Debate has arisen over whether this move is either perpetuating the idea that brains are beautiful, or simply adding another elusive credential to becoming a model. Does this change in advertisement represent a change in public opinion, or is it simply a clever marketing strategy? Could a PhD not also be considered a mainstream standard of high intelligence?
Betabrand is not only projecting unrealistic beauty standards but also standards of intellect and education that aren’t readily available to everyone. The company’s campaign still limits prospective models to size 4–6 women. This practice negates Betabrand’s new academic criteria, because the company continues to perpetuate the mistaken notion that women are valuable primarily for their beauty (here defined greatly by dress size) even if they are intelligent academics.
Betabrand is clearly relying on the public’s preconceived ideas of beauty and intelligence to their advantage. However, companies’ options for getting their products to the consumer market are limited. Either you do something so different that people pay attention, or you follow the standard rules of marketing. BetaBrand has somehow managed to do both.
They play with the public’s notions of beauty, using stereotypes consumers have seen excessively to then present a different idea. However, diversifying what traits are considered sexy should be a higher priority for mainstream media, instead of advocating singular conceptions of beauty and intellect. People are attracted to all sorts of different physical and mental attributes.

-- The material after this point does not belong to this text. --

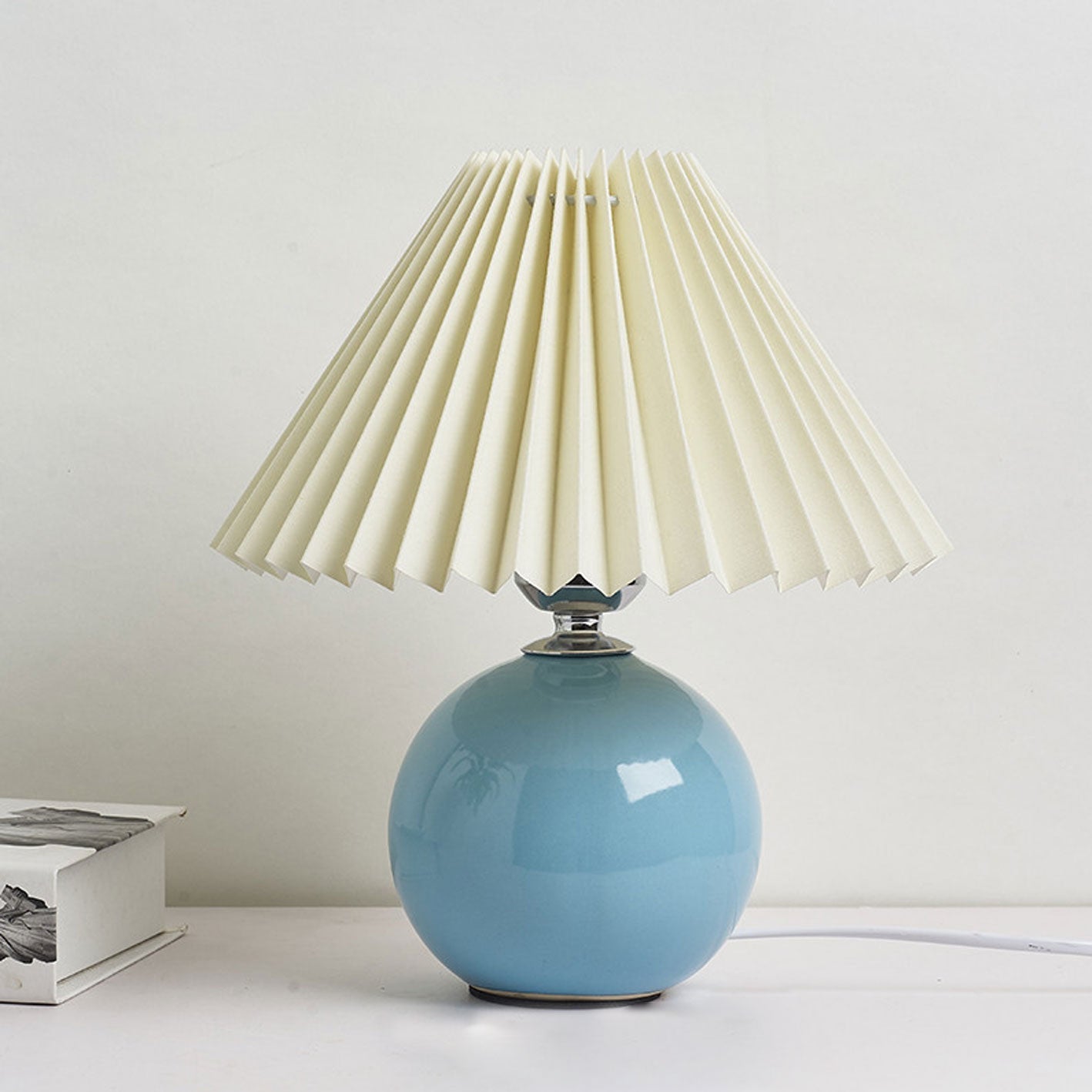 Skorter | Nordic minimalist 1-light table lamp made of ceramic with pleats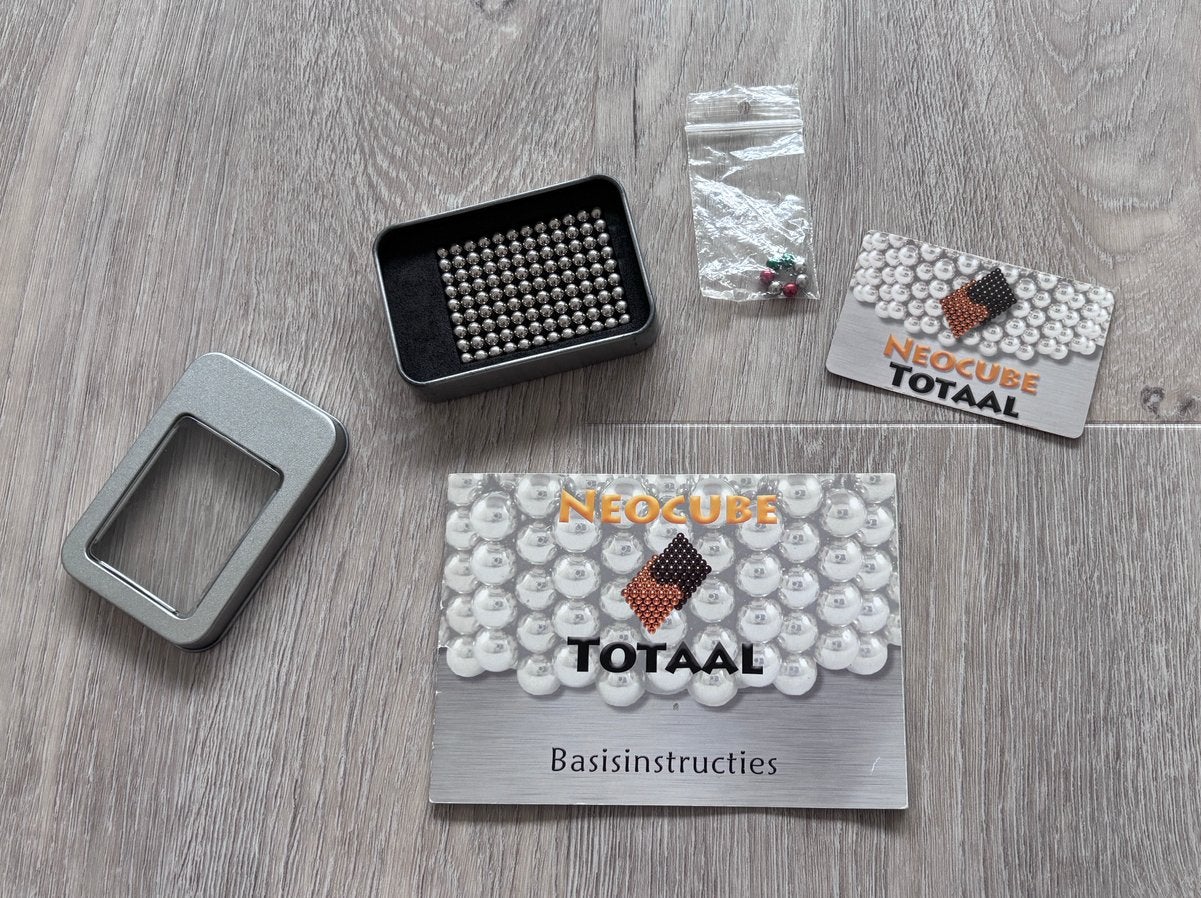 Neocube magnetische balletjes, Ophalen, Zo goed als nieuw, Bouwen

In an October 2012 TED Talk, professional model and Columbia University graduate Cameron Russell spoke about the idea of constructed imagery; just as illustrators shape and contextualize a line on a page, so too do photographers, makeup artists, and hair stylists when constructing a magazine cover. These people put a lot of time into something for the purposes of selling an idea of happiness and lifestyle.
These tactics aren’t new; what Betabrand attempts to do is not all that different from anything that has come before. Simply requiring a specific form of certification of intelligence doesn’t demonstrate any transcended ideology or open mindedness, but perpetuates the same narrow definitions of beauty and lifestyle that the fashion and modeling industries are infamous for.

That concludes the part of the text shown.